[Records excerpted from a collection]
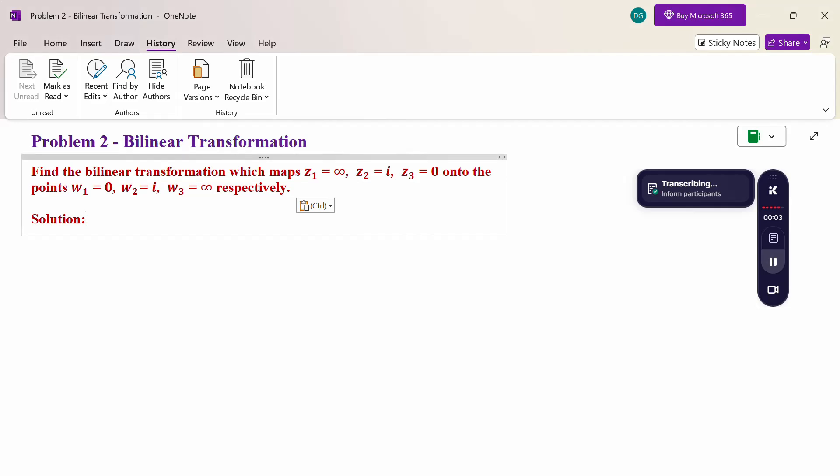Hello everyone, I am Dr. Gawdhanda Raman. In this section we are going to discuss the bilinear transformation problem.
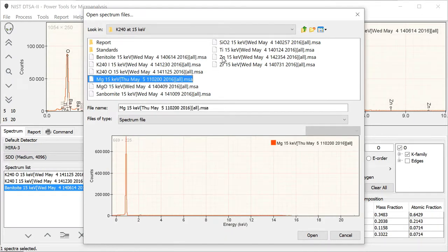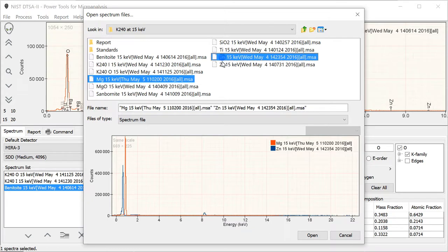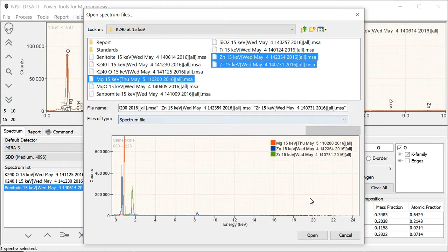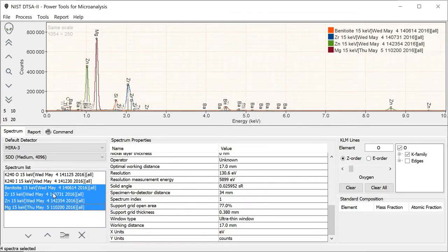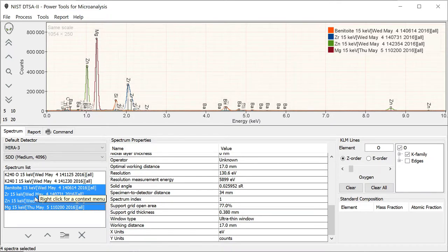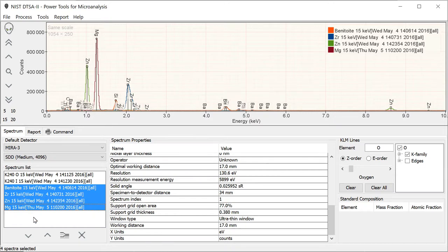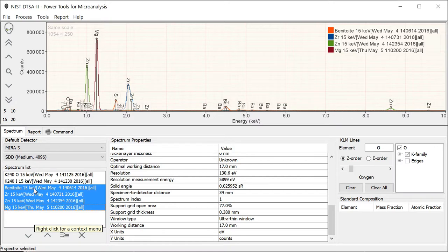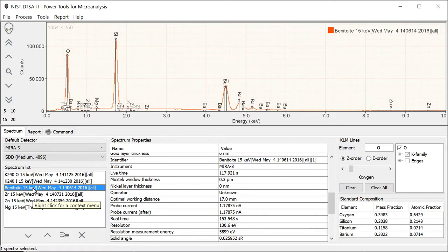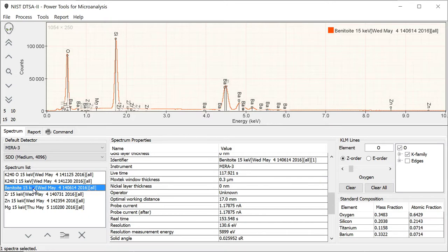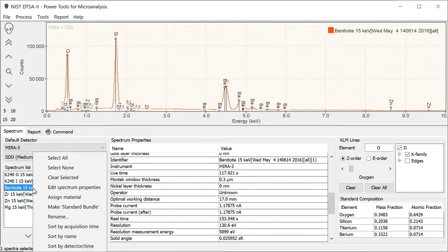We're going to use the magnesium, zinc, and zirconium as our other standards. That's providing barium, titanium, silicon, oxygen, zirconium, zinc, and magnesium. To make this easier, we're going to ensure that all the correct information is included that's needed to do this quantification in a single file. To do this, we are going to create what we call standard bundles.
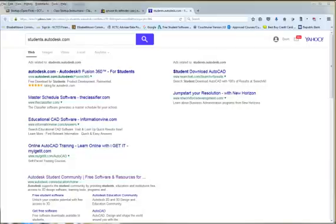Hello, this is Mr. Doty and I'm coming to you with this video on how to get your free Autodesk software.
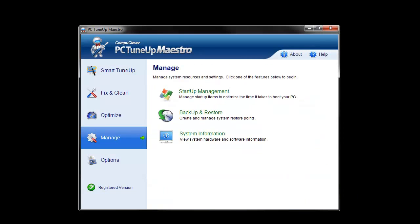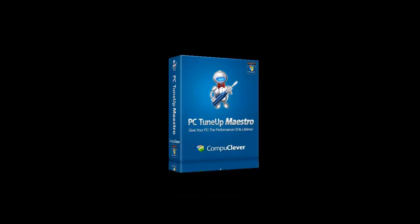As you can see, the startup management tool is easy to use and should help increase computer speeds, which is what PC TuneUp Maestro is really all about. The program can be downloaded for free on the CompuClever website. That's all for now, and let's talk more about improving PC performance next time.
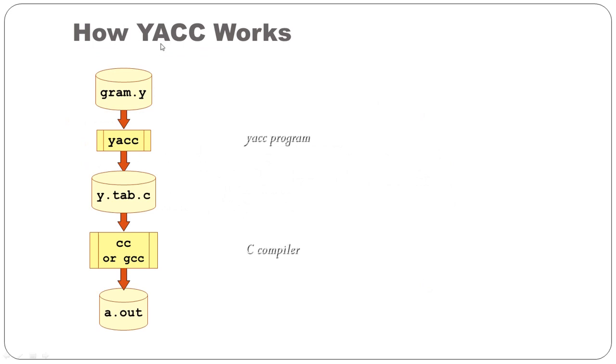Steps: how this YACC Tool works. As we have discussed, you need to give specification in .y file. You will give it with YACC command. It generates y.tab.c and you need to compile this C code. It generates executable.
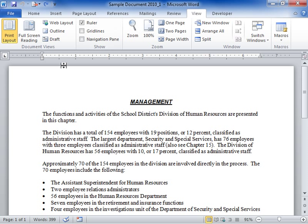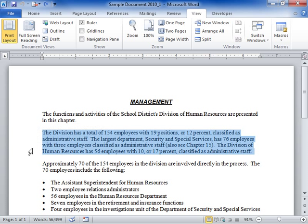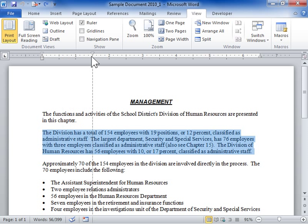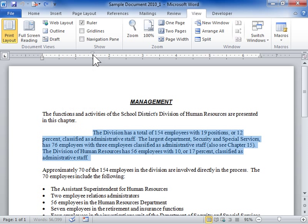Select the paragraph to be indented. To left indent the first line, click and drag the top left indent marker to a new position. To left indent the other lines, click and drag the bottom left indent marker to a new position.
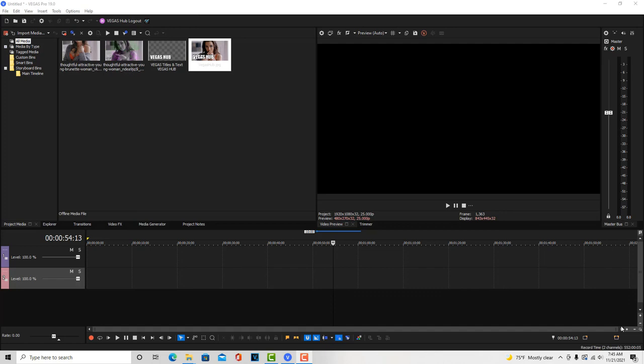The one that I was most curious about was this Vegas Hub and you've got to have the subscription to do this. But it might very well be worth it, especially if you're making a lot of YouTube videos and you're looking for a lot of stock footage.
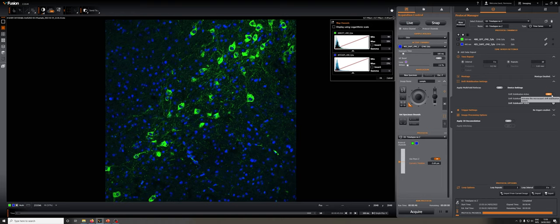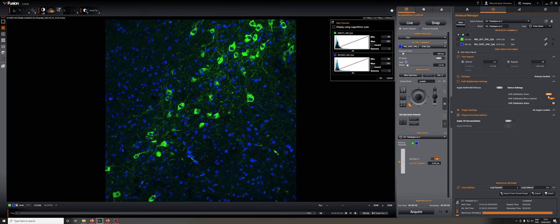For water objectives, there are two reflections, one between the water and the cover glass, the other between the cover glass and the imaging media. The former is typically a bit stronger, and the system can use it to compensate.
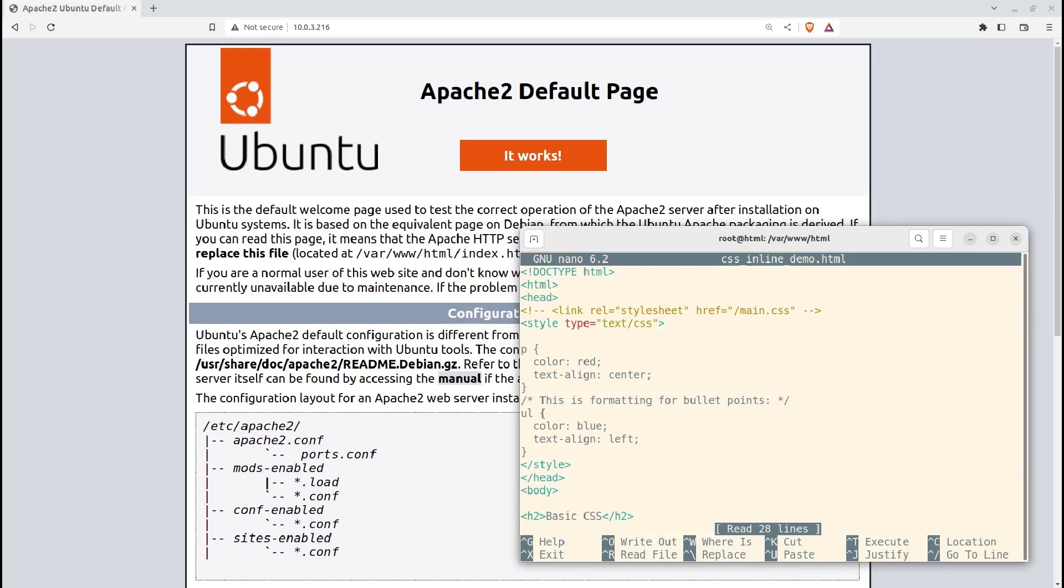The opening tag has a type attribute of text slash CSS. Although I'm not sure how necessary that is anymore. Keeping it there certainly can't hurt, though.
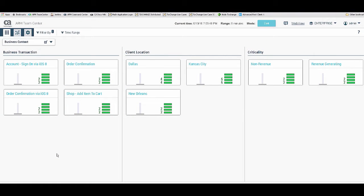This is our demo environment and we are looking at the dashboard view. This particular view is extremely important and useful for a level one ops person, or somebody who is either not an application expert or not interested in the detailed application map view — for example, someone managing 50 other applications or multiple tools. This view hides complexity and provides enough detail for them to determine if there are issues in the application and, if yes, what components are impacted.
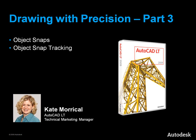This video will show you how to use Object Snaps and Object Snap Tracking to help create precise drawings in AutoCAD LT.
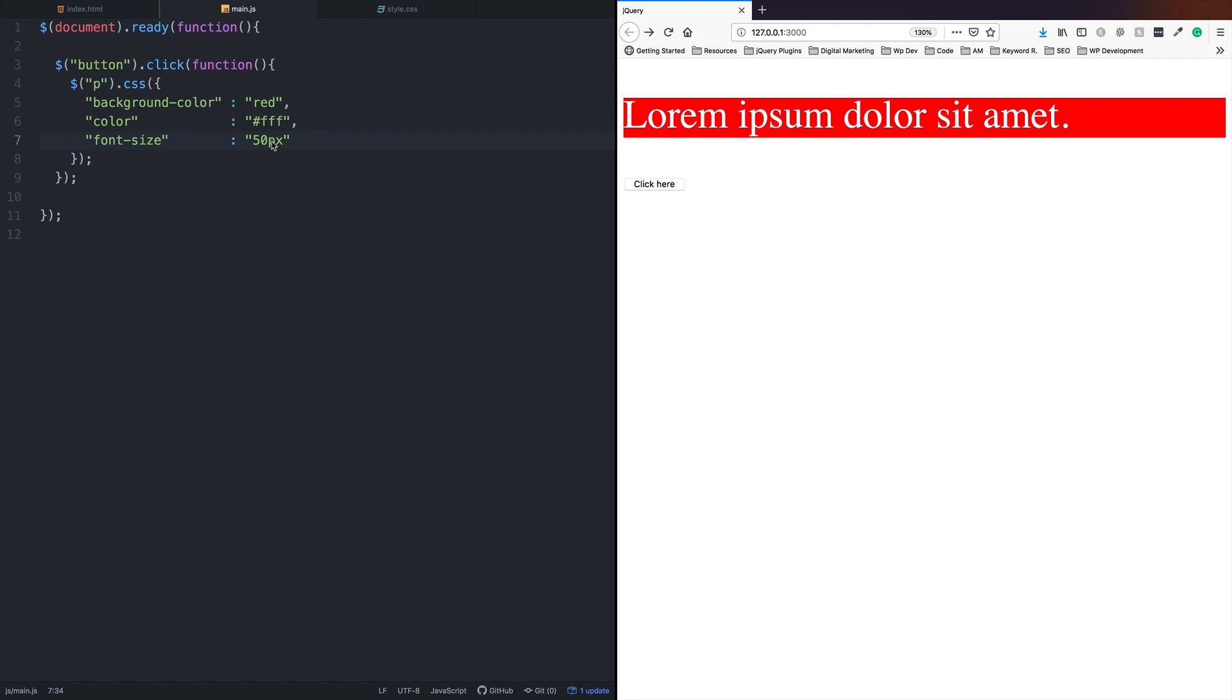This is how you can use CSS methods and CSS properties to modify elements on your page.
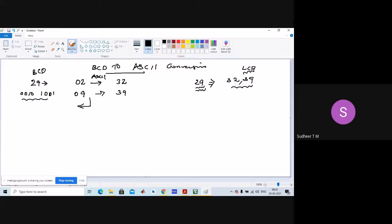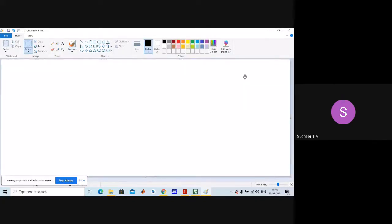2 in ASCII value is 32, and 9 in ASCII value is 39. This is how we can convert the 29 example. At assembly level, we will explain this. Treat this topic as important. BCD to ASCII — how do we convert?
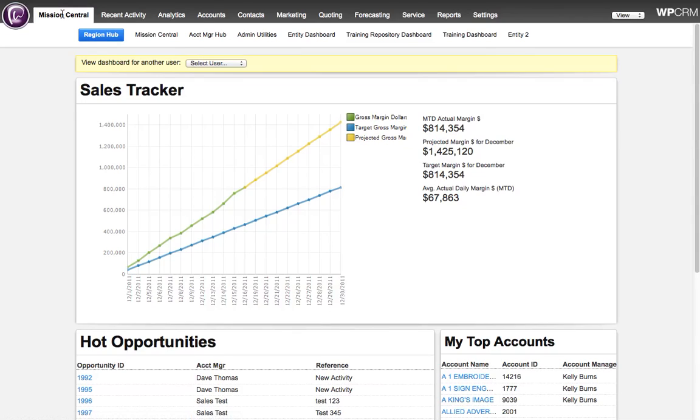Hi, welcome to WPCRM Web Shorts. Today we're going to show you how to pull up a list of customers who have purchased products from a specific vendor in the current calendar year.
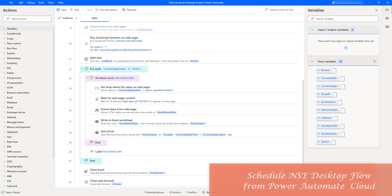Alright, now our entire desktop flow is ready to extract the data from National Stock Exchange.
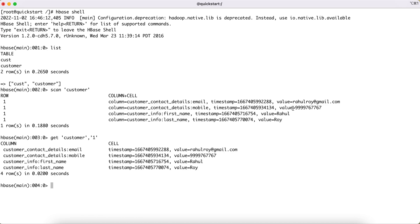Now let's see how to update — say, the mobile number where row ID equals 1. It is exactly the same 'put' command we use even when we want to update a record. In RDBMS, there are two separate queries: one to insert a record and a different UPDATE query with SET and WHERE conditions. But in HBase, the exact same 'put' query works for both insert and update — the only difference is you provide the new value you want to update.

→ YOUR TASK: Would you set down only the lines above from the line with "Hi, welcome to" to the line with "Alright, now our", both included, exactly as they stand and without the pictures?

→ YOUR RESPONSE:
Hi, welcome to WPCRM Web Shorts. Today we're going to show you how to pull up a list of customers who have purchased products from a specific vendor in the current calendar year.
Alright, now our entire desktop flow is ready to extract the data from National Stock Exchange.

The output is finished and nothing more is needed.